# MAC Tinted Lipglass : Viva Glam V



## esoterica (Sep 6, 2008)

*Do you guys think that this would be a good everyday gloss for C8/NC50/NC55 complexion? 

Allegedly it's a neutral pink w/ pearl.
*


----------



## Lovey99 (Sep 6, 2008)

It is a great color.  I am NW47 and I wear it quite often....  

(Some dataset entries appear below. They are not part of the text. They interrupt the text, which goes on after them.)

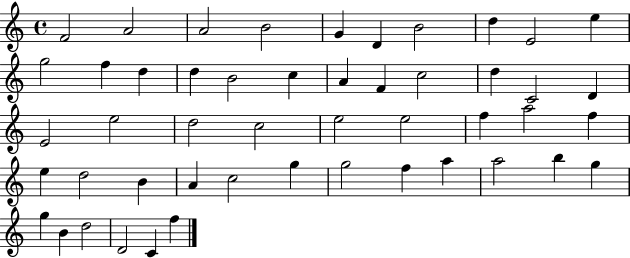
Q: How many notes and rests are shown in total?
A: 49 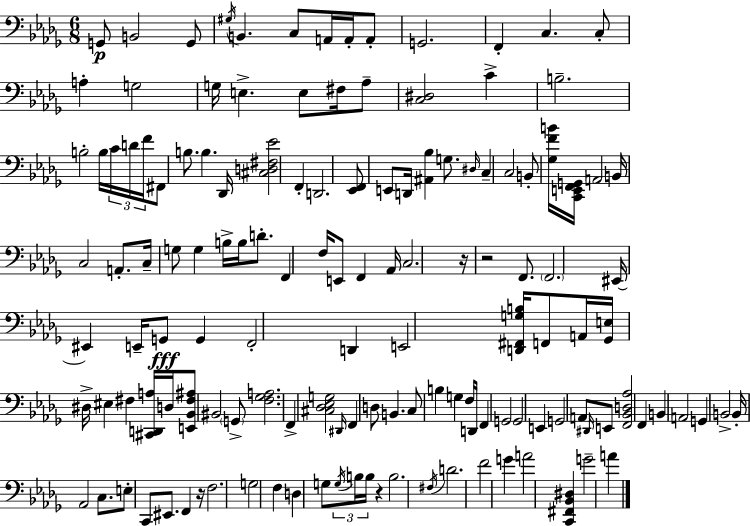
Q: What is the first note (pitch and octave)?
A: G2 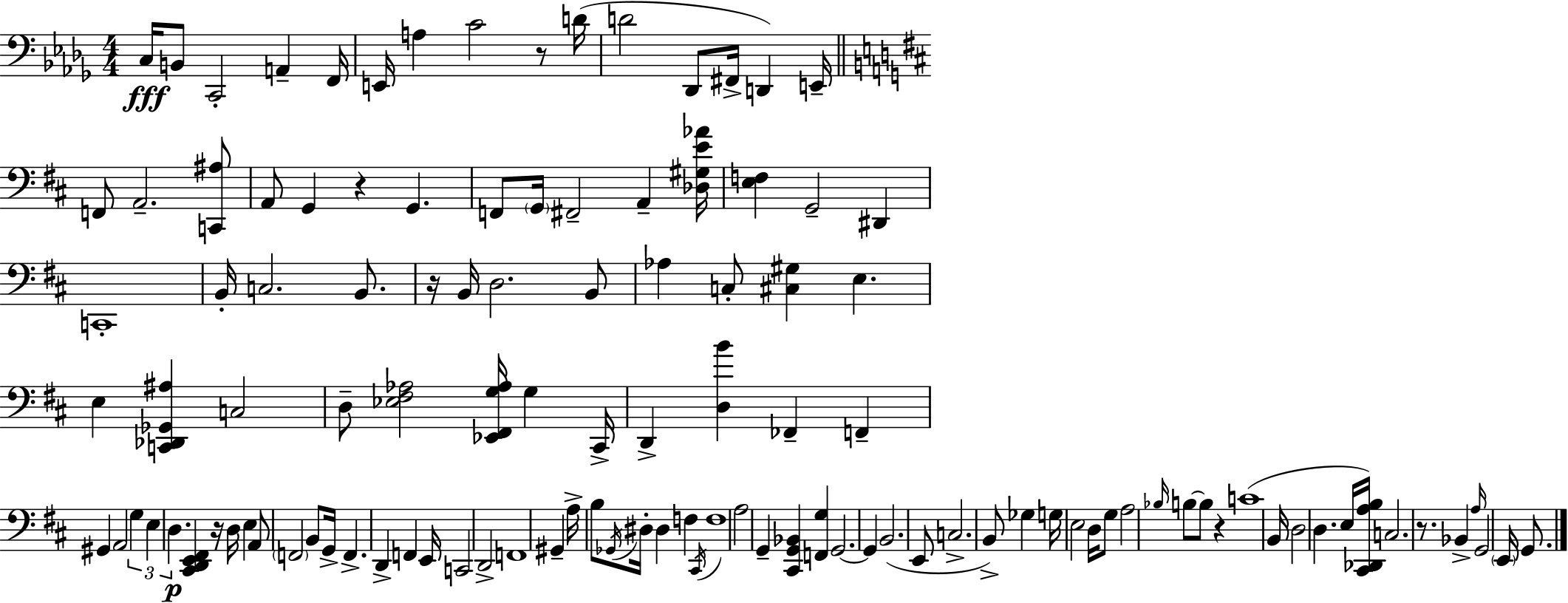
X:1
T:Untitled
M:4/4
L:1/4
K:Bbm
C,/4 B,,/2 C,,2 A,, F,,/4 E,,/4 A, C2 z/2 D/4 D2 _D,,/2 ^F,,/4 D,, E,,/4 F,,/2 A,,2 [C,,^A,]/2 A,,/2 G,, z G,, F,,/2 G,,/4 ^F,,2 A,, [_D,^G,E_A]/4 [E,F,] G,,2 ^D,, C,,4 B,,/4 C,2 B,,/2 z/4 B,,/4 D,2 B,,/2 _A, C,/2 [^C,^G,] E, E, [C,,_D,,_G,,^A,] C,2 D,/2 [_E,^F,_A,]2 [_E,,^F,,G,_A,]/4 G, ^C,,/4 D,, [D,B] _F,, F,, ^G,, A,,2 G, E, D, [^C,,D,,E,,^F,,] z/4 D,/4 E, A,,/2 F,,2 B,,/2 G,,/4 F,, D,, F,, E,,/4 C,,2 D,,2 F,,4 ^G,, A,/4 B,/2 _G,,/4 ^D,/4 ^D, F, ^C,,/4 F,4 A,2 G,, [^C,,G,,_B,,] [F,,G,] G,,2 G,, B,,2 E,,/2 C,2 B,,/2 _G, G,/4 E,2 D,/4 G,/2 A,2 _B,/4 B,/2 B,/2 z C4 B,,/4 D,2 D, E,/4 [^C,,_D,,A,B,]/4 C,2 z/2 _B,, A,/4 G,,2 E,,/4 G,,/2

You can wear it daily and use different color lip pencils for different looks...velvetella, currant, nightmoth, vino, chestnut


----------



## esoterica (Sep 6, 2008)

*Excellent, thanks Lovey99. 
	

	
	
		
		

		
			




*


----------



## renee604 (Sep 7, 2008)

Viva glam V is a nice neutral pink on WoC. Im NW 45 and this is one of my favorites.


----------



## Film_Noir (Sep 8, 2008)

Yes, I wear NC50 and I love it.  I do use Chestnut lipliner with it though.


----------



## makeba (Sep 8, 2008)

i wear it often with plum lipliner


----------



## Laurie (Sep 8, 2008)

I'm NC 43 or so and I use it and I love eeeeetttt!! Ahhhhhh!! Reminds me of Mellow Mood [LE].. I use it with spice though..


----------



## bellezzadolce (Sep 9, 2008)

I'm NC 45 and I wear it with Plum, Cork, or Hodgepodge for a neautral look.


----------



## vita cooper (Sep 10, 2008)

so true. ive used this before & love the look. im also nw47


----------



## beauty_marked (Sep 10, 2008)

Definately an everyday color. I always throw it in my bag. Its such a great go to gloss.


----------



## LAMB4LIFE (Sep 11, 2008)

it's a must have for everyone, its soooo perfect!


----------